Data for review.
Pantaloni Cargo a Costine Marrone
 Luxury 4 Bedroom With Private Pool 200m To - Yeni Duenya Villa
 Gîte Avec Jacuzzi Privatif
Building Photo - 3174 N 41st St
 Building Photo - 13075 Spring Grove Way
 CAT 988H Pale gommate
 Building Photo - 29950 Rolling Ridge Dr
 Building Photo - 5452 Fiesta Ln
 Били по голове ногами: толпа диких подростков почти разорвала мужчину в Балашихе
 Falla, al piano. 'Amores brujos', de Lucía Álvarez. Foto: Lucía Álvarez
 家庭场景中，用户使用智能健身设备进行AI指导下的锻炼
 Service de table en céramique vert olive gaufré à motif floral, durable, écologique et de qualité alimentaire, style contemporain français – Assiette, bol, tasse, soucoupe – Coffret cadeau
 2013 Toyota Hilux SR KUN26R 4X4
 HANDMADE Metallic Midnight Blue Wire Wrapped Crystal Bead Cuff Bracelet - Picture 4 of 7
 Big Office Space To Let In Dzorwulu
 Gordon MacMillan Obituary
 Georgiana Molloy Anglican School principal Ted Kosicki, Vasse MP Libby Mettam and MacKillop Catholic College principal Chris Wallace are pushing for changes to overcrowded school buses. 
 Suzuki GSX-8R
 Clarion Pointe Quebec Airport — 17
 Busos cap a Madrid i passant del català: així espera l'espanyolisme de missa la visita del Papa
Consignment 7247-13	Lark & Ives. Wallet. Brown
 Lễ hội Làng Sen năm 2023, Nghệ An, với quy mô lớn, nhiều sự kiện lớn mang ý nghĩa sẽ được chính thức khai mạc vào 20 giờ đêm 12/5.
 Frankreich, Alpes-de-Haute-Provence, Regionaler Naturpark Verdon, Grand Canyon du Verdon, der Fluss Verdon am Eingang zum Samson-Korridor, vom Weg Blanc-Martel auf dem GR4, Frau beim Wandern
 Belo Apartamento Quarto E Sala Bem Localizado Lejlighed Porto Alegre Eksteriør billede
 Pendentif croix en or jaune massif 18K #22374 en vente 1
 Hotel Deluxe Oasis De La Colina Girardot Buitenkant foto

Assignment.
With the line that contains "Pendentif croix en" as the first and the final line of the data as the last, repeat every line in that span exactly.

Answer to the exercise.
 Pendentif croix en or jaune massif 18K #22374 en vente 1
 Hotel Deluxe Oasis De La Colina Girardot Buitenkant foto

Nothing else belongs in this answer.